» **PROBLEM DETAILS**
Leaving the pictures aside, restate all of the data exactly.

» **DATASET SECTION**
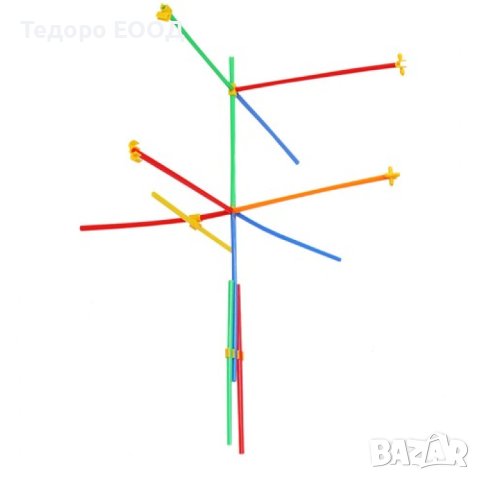 3D конструктор за създаване на 3Д фигури от 408 части, снимка 6 - Конструктори - 43900615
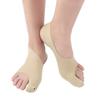 1 pár Pomůcka pro úlevu od bolesti kladívkových prstů Oddělovač korektor narovnávač bandáž Hallux Valgus Ortéza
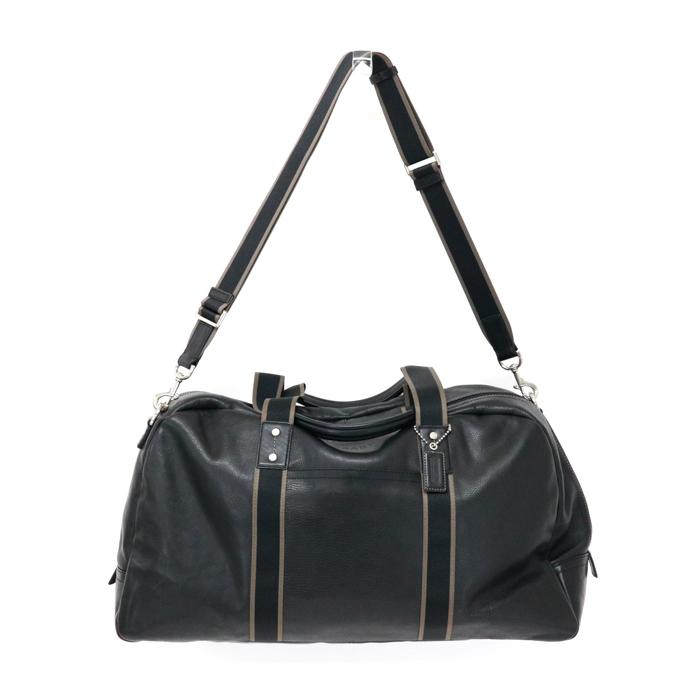 コーチ COACH ヘリテージ ダッフル ボストンバッグ レザー F70561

» **RESPONSE TO THIS TASK**
 3D конструктор за създаване на 3Д фигури от 408 части, снимка 6 - Конструктори - 43900615
 1 pár Pomůcka pro úlevu od bolesti kladívkových prstů Oddělovač korektor narovnávač bandáž Hallux Valgus Ortéza
 コーチ COACH ヘリテージ ダッフル ボストンバッグ レザー F70561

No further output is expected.